SAUNDRA BROWN ARMSTRONG, District Judge.

On June 22, 2010, Steven H. Sedell ("Plaintiff") commenced the instant action against Defendants alleging seven claims for relief arising out of his termination from Wells Fargo Insurance Services, USA, Inc. ("Wells Fargo") in November 2009. See Compl., Dkt. 1. On July 23, 2013, the Court granted summary judgment in favor of Defendants Wells Fargo, Brian M. Hetherington ("Hetherington"), H. David Wood, Samuel L. Jones III, Mark W. Stokes, and Pamela Hendricks (collectively, "Defendants"). Dkt. 60. On that same day, the Court entered final judgment in favor of Defendants. Dkt. 61.
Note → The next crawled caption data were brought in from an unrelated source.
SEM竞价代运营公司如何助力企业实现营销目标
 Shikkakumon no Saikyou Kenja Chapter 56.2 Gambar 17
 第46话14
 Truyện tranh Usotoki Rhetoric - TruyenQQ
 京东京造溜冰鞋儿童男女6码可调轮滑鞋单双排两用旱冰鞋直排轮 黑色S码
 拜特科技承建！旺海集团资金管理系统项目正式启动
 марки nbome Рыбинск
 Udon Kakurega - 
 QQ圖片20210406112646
The parties are presently before the Court on Plaintiff's motion for relief from judgment under Rule 60(b) of the Federal Rules of Civil Procedure. Dkt. 64. Wells Fargo opposes the motion. Dkt. 66. Hetherington filed a joinder to Wells Fargo's opposition. Dkt. 67. Having read and considered the papers filed in connection with this matter and being fully informed, the Court hereby DENIES Plaintiff's motion for relief from judgment, for the reasons stated below. The Court, in its discretion, finds this matter suitable for resolution without oral argument. See Fed.R.Civ.P. 78(b); N.D. Cal. Civ. L.R. 7-1(b).

I. LEGAL STANDARD

Under Rule 60(b), a party may seek relief from judgment and to re-open his case in limited circumstances, "including fraud, mistake, and newly discovered evidence." Gonzalez v. Crosby, 545 U.S. 524, 528 (2005). Rule 60(b) provides that:

[T]he court may relieve a party or its legal representative from a final judgment, order, or proceeding for the following reasons: (1) mistake, inadvertence, surprise, or excusable neglect; (2) newly discovered evidence that, with reasonable diligence, could not have been discovered in time to move for a new trial under Rule 59(b); (3) fraud (whether previously called intrinsic or extrinsic), misrepresentation, or misconduct by an opposing party; (4) the judgment is void; (5) the judgment has been satisfied, released or discharged; it is based on an earlier judgment that has been reversed or vacated; or applying it prospectively is no longer equitable; or (6) any other reason that justifies relief.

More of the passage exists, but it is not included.